Luxury home-builder guilty of loan and bankruptcy fraud

CINCINNATI — A federal jury found luxury home builder Bernie Kurlemann guilty Wednesday on all six counts of federal loan and bankruptcy fraud.

After nearly three weeks, a jury handed down its decision, finding Kurlemann guilty of conspiracy to defraud the U.S. government and loan and credit application violations. The jury also found Kurlemann committed bankruptcy fraud, concealment of assets and false oaths.

Kurlemann was indicted in January along with scam artist Eric Duke, luxury home builder Bryan Sanneman and former Huntington National Bank vice president Terrence J. Monahan Jr. on the mortgage scan scheme, the bankruptcy charges were filed later and attached to the case.
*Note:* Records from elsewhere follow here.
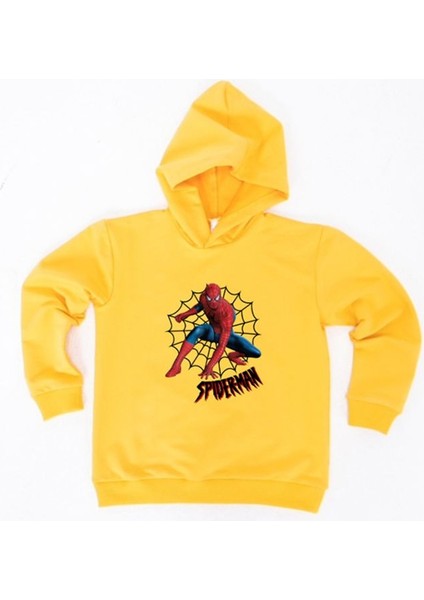 Spiderman Baskılı Örümcek Adam Kapüşonlu Pamuklu Kumaş Çocuk Sweatshirt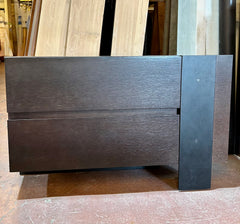 Anton Prulx Night Stand, Bedside Cabinetd, Solid Wood, Steel Frame, Two Drawers, Pair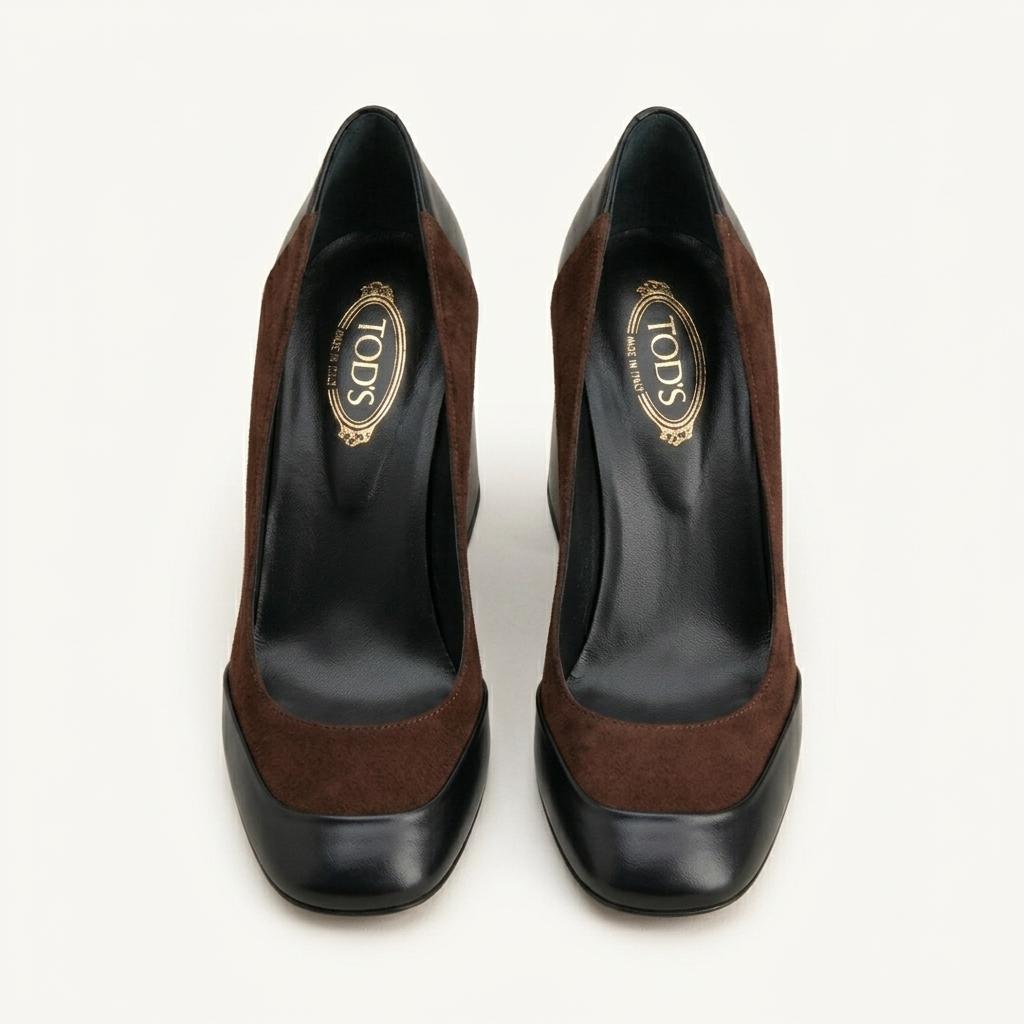 토즈 TODS 가죽 스웨이드 배색 펌프스 힐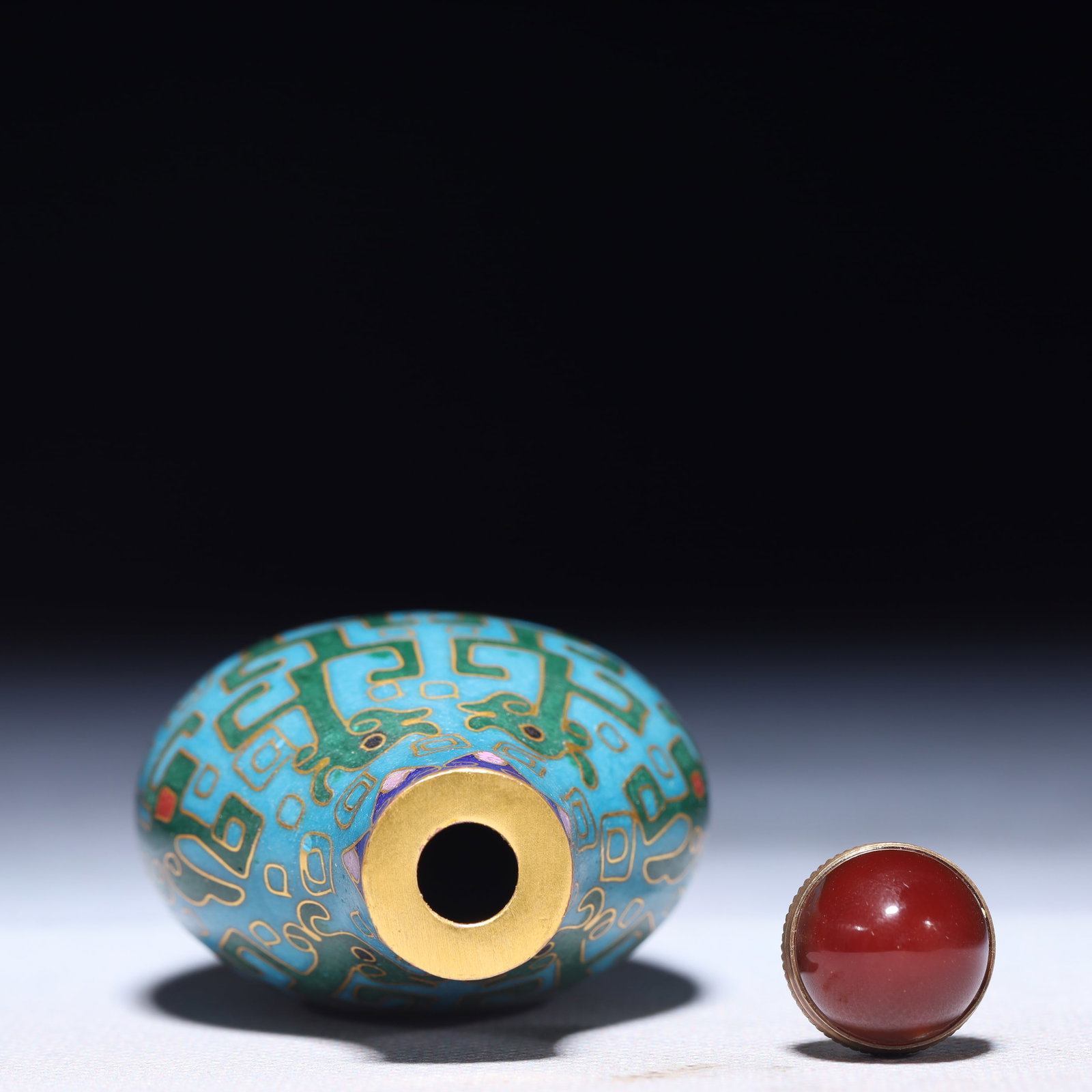 An Exquisite Cloisonne Chi-Dragon Pattern Snuff Bottle - 7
Warren County Chief Assistant Prosecutor Bruce McGary, who served as a special federal prosecutor on the case, said the jury began deliberations at around 2:30 p.m. Tuesday and returned the verdicts just after 4 p.m. Wednesday. Federal prosecutor Jennifer Barry said Kurlemann will be sentenced on Feb. 9 and he could face up to 75 years in prison on all the counts, but that is not likely to be the punishment.

She said the task force effort between the Ohio Attorney General, Warren County and her office helped seal the conviction.

“We had the collaborative effort of the task force to investigate this thoroughly,” she said. “The sellers think they have no risk, because the whole point for Mr. Kurlemann was to walk away from the debt on these two properties. If the scheme successful, the loan is with the person who borrowed the money. The seller is gone... The focus has never really been on how that part of the transaction is involved. But every transaction when it comes to mortgage fraud is two sided, it’s a seller and a buyer. We have shown with these kinds of schemes we have to get all parties involved.”

Kurlemann’s attorney could not be reached for comment.

Kurlemann, Duke, Sanneman and Monahan all entered pleas of not guilty but Kurlemann’s co-defendants later changed their pleas to guilty to the various loan and wire fraud charges. Two “straw buyers,” Francisca Webster and Christopher Gagnon, were charged separately and also pleaded guilty for their part in the scheme to buy three homes in Long Cove in Deerfield Twp. and one home in River’s Bend in South Lebanon.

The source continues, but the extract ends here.